## [Work required]
Copy out exactly the lines below that run from the one holding "DEQORI Couchtisch 'Unifarben" to the one holding "Dogecoin Celebrates 12", keeping both of those lines and no others.

━━━━━━━━━━━━━━━━━━━━

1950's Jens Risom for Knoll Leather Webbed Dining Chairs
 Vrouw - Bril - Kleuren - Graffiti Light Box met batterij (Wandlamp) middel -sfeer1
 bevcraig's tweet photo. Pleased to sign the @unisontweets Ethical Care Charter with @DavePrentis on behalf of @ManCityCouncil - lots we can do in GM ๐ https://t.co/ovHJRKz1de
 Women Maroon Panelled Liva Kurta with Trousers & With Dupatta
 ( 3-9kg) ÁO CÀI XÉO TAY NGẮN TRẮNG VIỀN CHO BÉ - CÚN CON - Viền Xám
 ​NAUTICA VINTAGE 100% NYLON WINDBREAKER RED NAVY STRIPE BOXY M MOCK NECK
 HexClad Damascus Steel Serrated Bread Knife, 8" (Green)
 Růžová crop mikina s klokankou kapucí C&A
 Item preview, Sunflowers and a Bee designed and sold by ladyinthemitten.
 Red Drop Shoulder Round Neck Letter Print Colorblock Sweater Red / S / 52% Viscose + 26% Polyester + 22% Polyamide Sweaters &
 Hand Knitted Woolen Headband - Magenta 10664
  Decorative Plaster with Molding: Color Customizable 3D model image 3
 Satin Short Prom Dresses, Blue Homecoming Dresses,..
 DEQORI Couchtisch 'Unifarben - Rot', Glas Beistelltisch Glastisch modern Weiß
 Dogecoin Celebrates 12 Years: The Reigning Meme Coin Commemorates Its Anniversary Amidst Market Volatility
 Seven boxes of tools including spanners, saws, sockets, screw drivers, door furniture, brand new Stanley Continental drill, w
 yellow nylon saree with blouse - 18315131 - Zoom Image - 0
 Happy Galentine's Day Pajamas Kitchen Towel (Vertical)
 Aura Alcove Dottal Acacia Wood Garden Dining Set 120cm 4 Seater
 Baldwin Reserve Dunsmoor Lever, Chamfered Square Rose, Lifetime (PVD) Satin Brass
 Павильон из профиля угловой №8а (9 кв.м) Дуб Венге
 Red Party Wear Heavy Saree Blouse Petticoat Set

━━━━━━━━━━━━━━━━━━━━

## [Task answer]
 DEQORI Couchtisch 'Unifarben - Rot', Glas Beistelltisch Glastisch modern Weiß
 Dogecoin Celebrates 12 Years: The Reigning Meme Coin Commemorates Its Anniversary Amidst Market Volatility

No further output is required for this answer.